Capability / argument Status Notes
version 2 ✅ supported Capability advert emitted on connect.
ls-refs ✅ supported ref-prefix, symrefs, peel, unborn all honoured. HEAD advertised as a symref when requested. Annotated tags peel to a recursive target (depth capped at 10).
fetch=shallow ✅ supported deepen <n>, deepen-since <ts>, deepen-not <ref>, deepen-relative, shallow <sha> all honoured. shallow-info section emitted when the walker surfaces any new / unshallow boundary.
fetch=wait-for-done ✅ supported Client --negotiate-only works end-to-end.
fetch=filter (partial) ✅ supported blob:none, blob:limit=<n>[k|m|g], tree:<n>, object:type=<t>, sparse:oid=<oid>, combine:a+b+…. Invalid specs are rejected with a band-3 ERR reply.
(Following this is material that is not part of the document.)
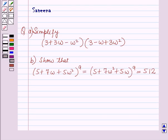Hello and welcome to the session. In this session we will discuss a question which says: Part A, simplify (3 + 3ω − ω²)(3 − ω + 3ω²). And Part B, show that (5 + 7ω + 5ω²)⁹ is equal to (5 + 7ω² + 5ω)⁹ is equal to 512.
Lazy promisor fetches (blob/tree wants) bypass the filter.
server-option ✅ advertised Server accepts server-option <value> lines in fetch requests; currently a no-op (parsed but not acted on).
object-format=sha1 ✅ supported Only SHA-1 is supported. SHA-256 is out of scope.
Multi-round negotiation ✅ supported Client may send haves across multiple rounds without done; stateful session persists until packfile is sent.
packfile-uris ❌ not supported No CDN-offloaded pack URIs.
wanted-refs ❌ not supported Server never emits a wanted-refs section.
Protocol v0 / v1 ❌ not supported Clients must request v2 (git 2.26+ does by default).

ReceivePack

Capability Status Notes
report-status ✅ supported Per-ref ok / ng lines returned.
delete-refs ✅ supported Push of zero-sha → ref deletes.
atomic ✅ supported Two-phase validate-then-commit with rollback on mid-batch failure. Atomicity is best-effort at the storage layer — see Documentation/atomic.md.
report-status-v2 ❌ not supported Only v1 status lines are emitted.
side-band-64k ❌ not supported Status goes in-band.
quiet ❌ not supported Ignored; hooks still fire.
ofs-delta (write-side) ❌ not supported Pack writer stores full objects only; thin-pack reading via REF_DELTA is fully supported.

Known Limitations

  • ofs-delta generation — pack writer stores full objects only, no delta compression on the write side.
  • Atomic ref updates are validation-based with rollback from a pre-flight snapshot, not a native multi-key storage transaction. A VM crash mid-rollback can leave refs partially applied. Failures are logged via Logger.error and emitted as a [:ex_git_objectstore, :protocol, :receive_pack, :rollback_failed] telemetry event.

License

Copyright 2026 Cole Christensen

Licensed under the Apache License, Version 2.0. See LICENSE for details.